For Brady, despite being featured in roughly 6 million injury reports this century, those injuries haven’t really kept him off the field. He started 111 straight season games and 17 postseason games from 2001 to 2008 before suffering the infamous knee tear. And since missing the 2008 season aged 32 to 43, Brady has not missed any games due to injury. Zero. He missed four games in 2016 due to a fictional football deflation plan, but he didn’t miss any games due to injury.
In fact, he has resumed his career at an age when few men have tried to gamble and he barely missed a snapshot. Pro Football Reference’s Snap Count data dates back to 2012, and aside from being suspended in 2016, a bench press in the fourth quarter of Kansas City in 2014, and a second half to relax in week 17 of 2014, Brady did conquered the field no matter what.
BRADY REGULAR SEASON SNAP COUNTS PER YEAR
2012: 98.06% (1,215 snapshots)
2013: 100% (1,197 snapshots)
2014: 93.9% (1,063 snapshots)
2015: 98.84% (1,103 snapshots)
2016: 73.17% (818) (suspension)
2017: 97.98% (1,116 snapshots)
2018: 97.59% (1,092 snapshots)
2019: 98.78% (1,135 snapshots)
2020: 95.43% (1,024 snapshots)
He has also taken 100 percent of his team’s offensive snapshots in 21 of his last 23 playoff games. In the games where he missed 100 percent of the offensive snapshots, he got 97 percent and 96 percent of them. Both cases took place in blowout victories for the Patriots.

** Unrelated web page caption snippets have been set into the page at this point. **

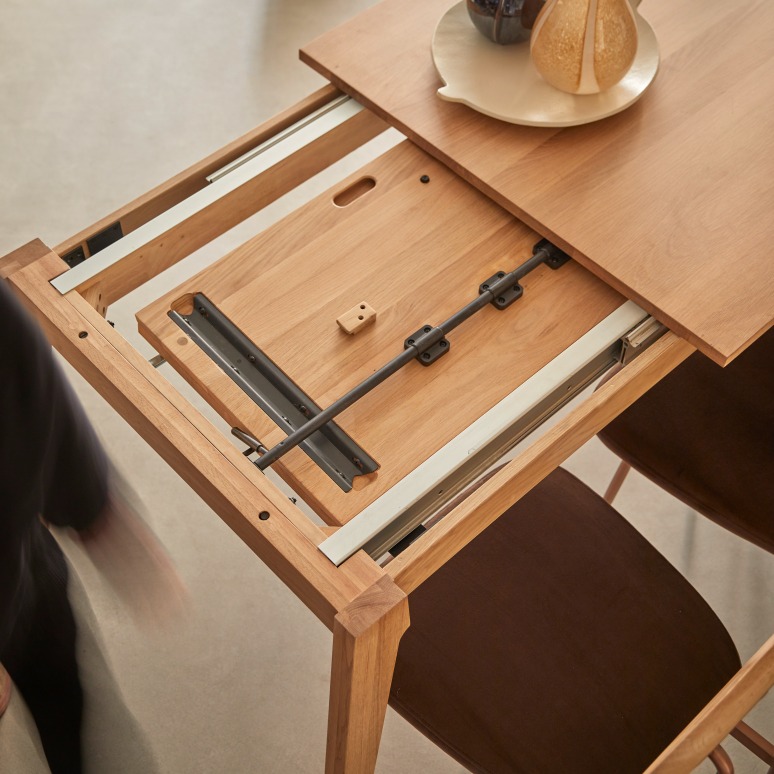 Esmée - Uitschuifbare tafel van massief eikenhout 6-12 personen.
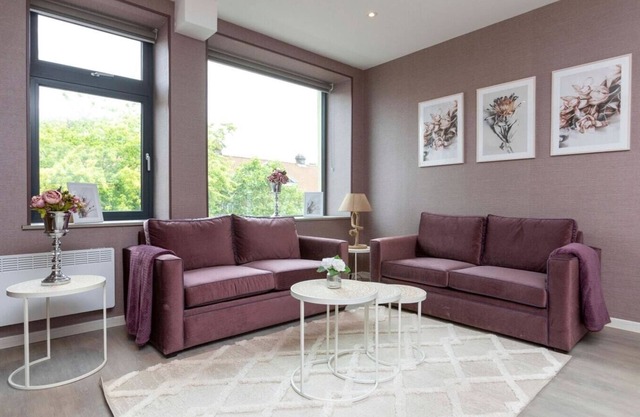 Palm Tree House - The Farmhouse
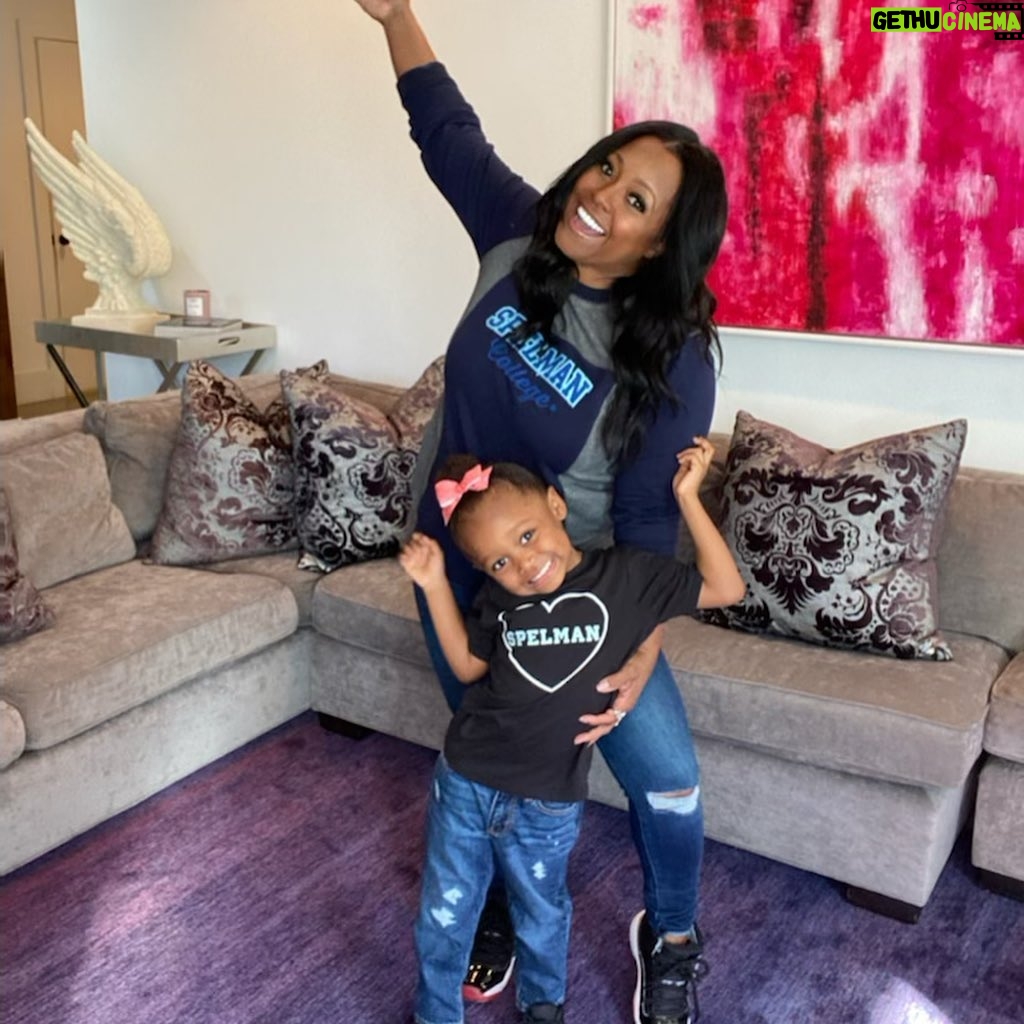 Keshia Knight Pulliam Instagram - Spelman taught me so much about womanhood. I love sharing stories with Ella and hope she chooses Spelman or another HBCU one day. There’s so much history. #WeLoveHBCUs #CartersPartner @carters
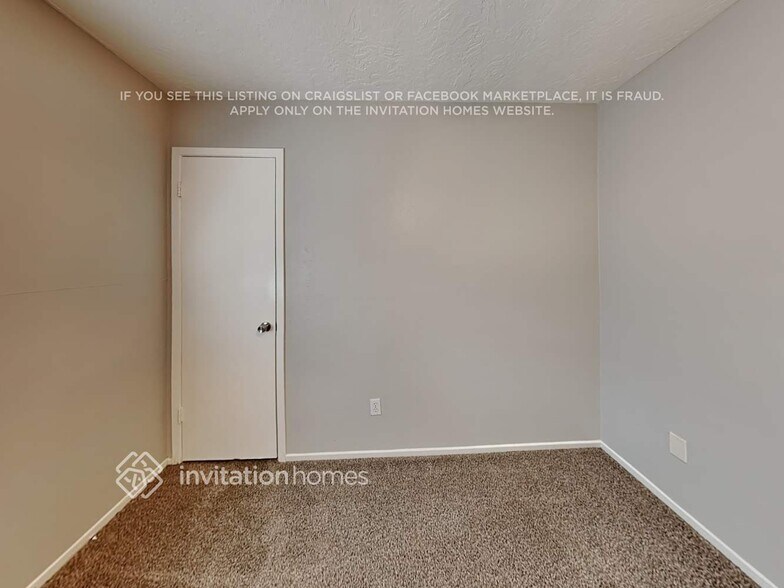 Building Photo - 209 Greenshire Dr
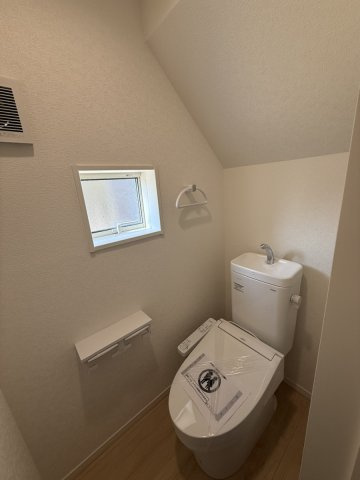 クレイドルガーデン防府市新田 第8のトイレ|小窓付きのトイレです。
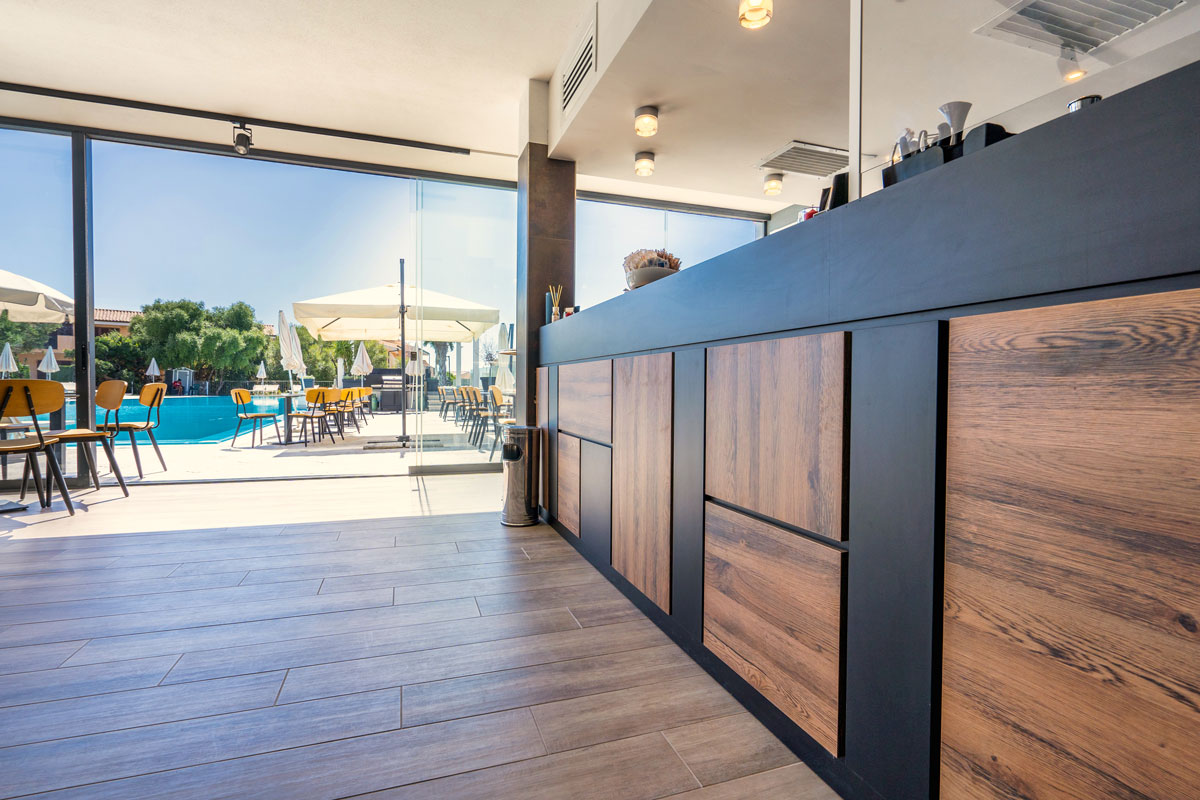 arredo-moderno-sala-colazioni-hotel-horizon2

Brady hasn’t missed a postseason snap since the 2017 divisional round.
TOM BRADY
MISSED GAMES DUE TO INJURY, 2001-07: 0
MISSED GAMES, 2008: fifteen
MISSED GAMES DUE TO INJURY, 2009-20: 0
He’s doing all of this again at an age when few men have even tried playing NFL football. Prior to 2020, the total number of combined starts at the 43-year-old quarterback in NFL history was zero. Goose egg. Nada.
Brady started 20 games.
Brady has worked himself to some extent on cutting this narrative down. Unlike Ben Roethlisberger, for example, Brady never sought to show the world that he was hurt. In fact, the establishment of the TB12 method of eating / drinking / living / thinking has had the exact opposite effect, as Brady would apparently prefer people to think he was never hurt. Sure, Brady’s methods have many merits that enable him to keep playing while Peyton Manning, Drew Brees, Philip Rivers, Eli Manning, and a slew of other quarterbacks succumbed to Father Time and pulled back that Brady is immune to injury just a myth.
Those who have followed his career more closely than others have known for some time that Brady’s toughness and durability are among his most overlooked qualities. The recent news of playing on the ripped MCL is only getting more people into the news that Brady is not only the best winner in football history, but also one of the best passers-by in NFL history, but also in terms of playing like that hard as possible while injured. You don’t start 344 games in the ultra-violent NFL if you aren’t.
In other words … he’s a soccer player. And now many people are very much aware of this reality.